Nel 1939 la grande catena di negozi di New York Lord & Taylor le diede un riconoscimento per il design degli occhiali a “occhi di gatto” e per aver rivoluzionato il settore aprendo la strada a nuove forme.

Tra la fine degli anni Quaranta gli occhiali di Schinasi ebbero un primo giro di ampia popolarità quando Christian Dior introdusse il suo celebre New Look, fatto di forme a clessidra che si adattavano piuttosto bene agli occhiali “harlequin”. In quegli anni peraltro la capacità di produzione degli occhiali aumentò considerevolmente grazie all’introduzione di un materiale facilmente lavorabile e scalabile a costi contenuti, l’acetato di cellulosa.
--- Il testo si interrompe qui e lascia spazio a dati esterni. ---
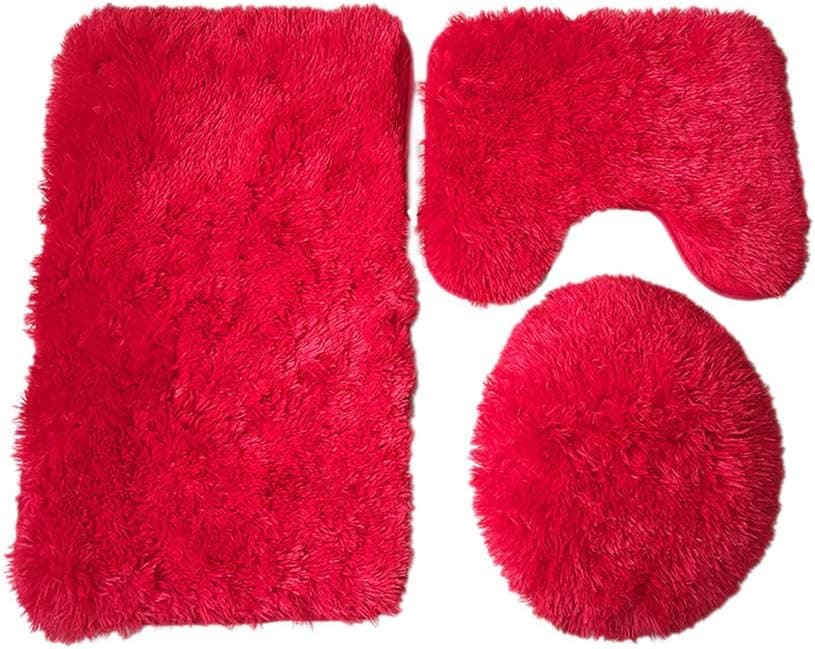 XIZHI 3 Piece Bathroom Rug Set,Bath Rug, Contour Mat, Lid Cover Non-Slip with Rubber Backing,Red Bathroom Mat,Solid Luxury Bath Mat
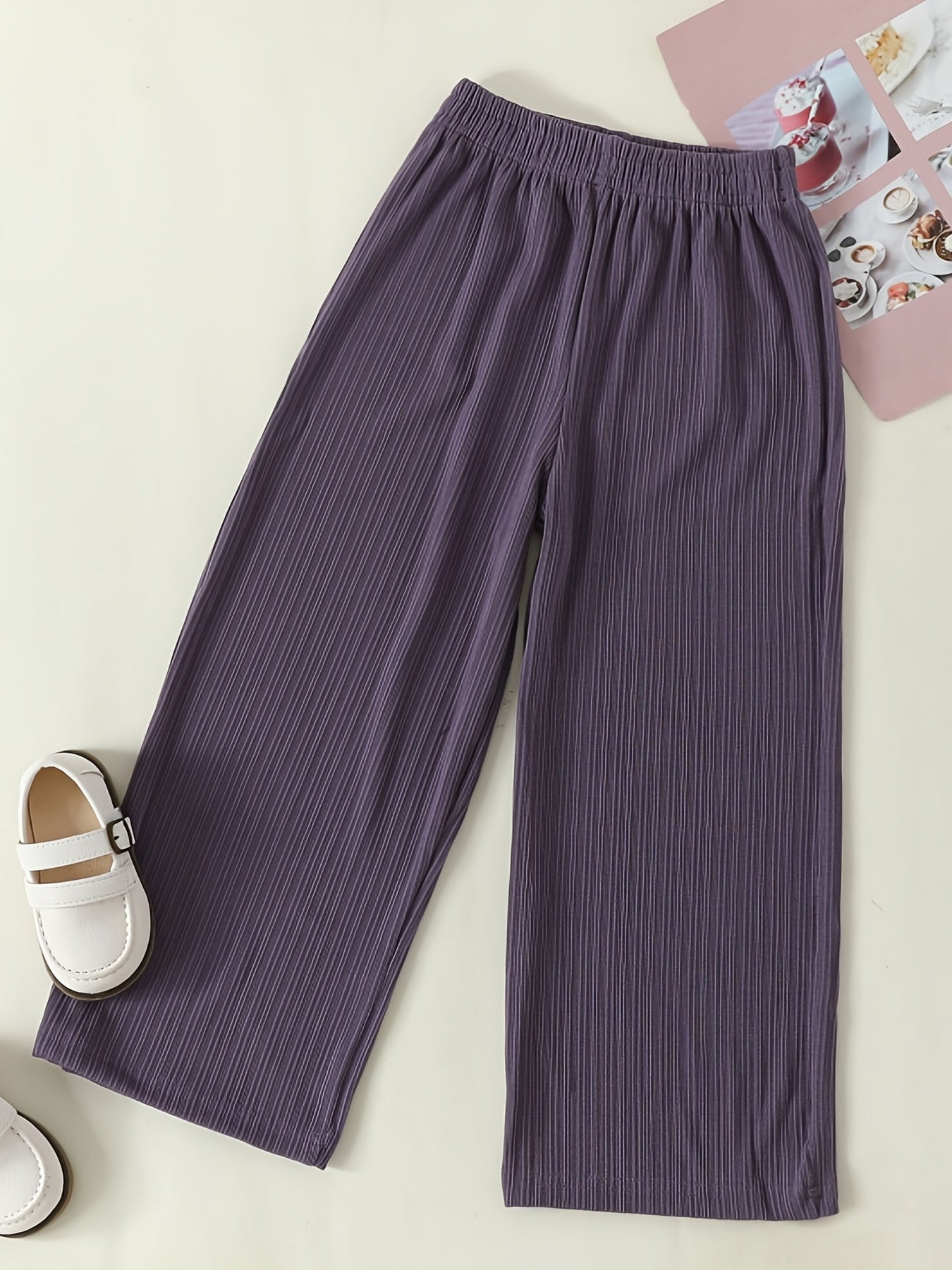 Girls Loose Trousers Elastic Waist Wide Leg Pants Kids Clothes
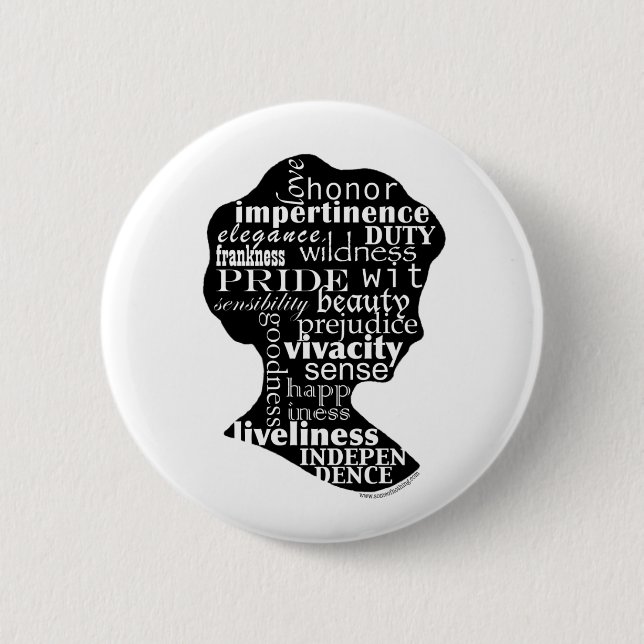 Read Jane Austen Cameo 6 Cm Round Badge (Front)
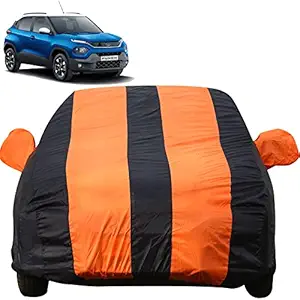 Autofact Car Body Cover for Tata Punch (Mirror Pocket , Premium Fabric , Triple Stiched , Fully Elastic , Orange / Blue Color)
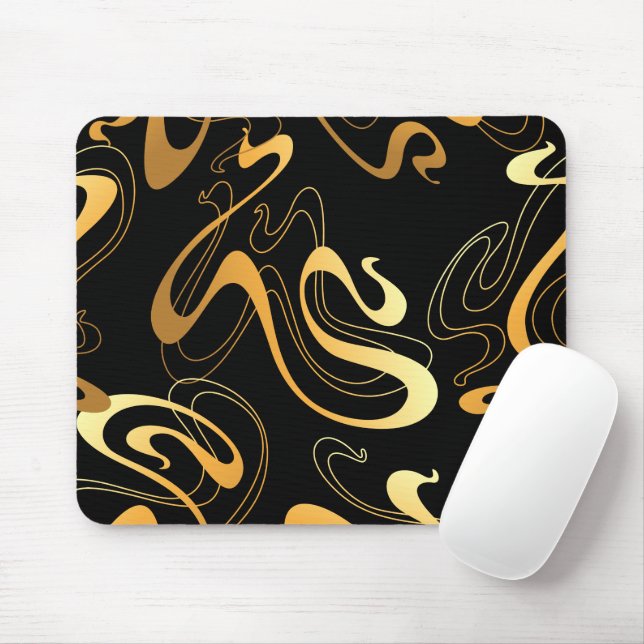 Mousepad Design abstrato amarelo e preto clássico (Com mouse)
Il risultato di questa innovazione fu che cominciarono a comparire occhiali a “occhi di gatto” di ogni dimensione, forma e colore, che diventarono simbolo a loro modo della spensieratezza e dell’ottimismo degli anni Cinquanta, in particolare perché sfoggiati dalle star di Hollywood di quegli anni, da Sophia Loren a Marilyn Monroe passando per Grace Kelly. Ma il film che forse più di tutti contribuì a rendere questi occhiali un classico fu Colazione da Tiffany nel 1961, in cui Audrey Hepburn indossa un paio di Oliver Goldsmith chiamati “Manhattan” che resero il modello con le lenti oversize, cioè più grandi del normale, estremamente popolare e iconico.


Dopo le fortune degli anni Sessanta, per gli occhiali “a occhi di gatto” ci furono quattro decenni in cui passarono un po’ di moda, in favore di altre forme che diventarono più popolari, come le lenti grosse, di solito quadrate, degli anni Settanta o i celebri “aviator” di Ray-Ban degli anni Ottanta, a goccia. All’inizio del nuovo secolo, poi, ci fu il trend delle lenti scure che nella forma ricordavano gli occhi di un insetto, grandi e aderenti al viso. Fu solo alla fine degli anni Dieci che gli occhiali “a occhi di gatto” tornarono per rimanere anche negli anni successivi, sia sulle passerelle che sui nasi di modelle e celebrità come Bella Hadid, Emily Ratajkowski e Kendall Jenner.